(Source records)
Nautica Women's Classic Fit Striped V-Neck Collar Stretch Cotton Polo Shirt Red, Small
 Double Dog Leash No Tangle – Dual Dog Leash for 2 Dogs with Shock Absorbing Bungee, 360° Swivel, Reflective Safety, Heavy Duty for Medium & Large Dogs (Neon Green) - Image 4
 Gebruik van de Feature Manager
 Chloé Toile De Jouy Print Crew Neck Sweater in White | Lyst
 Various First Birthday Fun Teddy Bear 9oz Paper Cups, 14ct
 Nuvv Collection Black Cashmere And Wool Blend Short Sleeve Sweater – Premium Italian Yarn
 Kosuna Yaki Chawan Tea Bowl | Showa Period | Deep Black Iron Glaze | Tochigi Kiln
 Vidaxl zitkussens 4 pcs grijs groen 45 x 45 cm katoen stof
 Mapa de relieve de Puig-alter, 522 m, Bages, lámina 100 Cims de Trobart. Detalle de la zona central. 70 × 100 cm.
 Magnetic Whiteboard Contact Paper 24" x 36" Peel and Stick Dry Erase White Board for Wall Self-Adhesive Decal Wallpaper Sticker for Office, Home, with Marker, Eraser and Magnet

● What is expected
Write out the line containing "Mapa de relieve" and every line after it through the end of the entries. Keep each one exactly as it is, and add nothing.

● Worked solution
 Mapa de relieve de Puig-alter, 522 m, Bages, lámina 100 Cims de Trobart. Detalle de la zona central. 70 × 100 cm.
 Magnetic Whiteboard Contact Paper 24" x 36" Peel and Stick Dry Erase White Board for Wall Self-Adhesive Decal Wallpaper Sticker for Office, Home, with Marker, Eraser and Magnet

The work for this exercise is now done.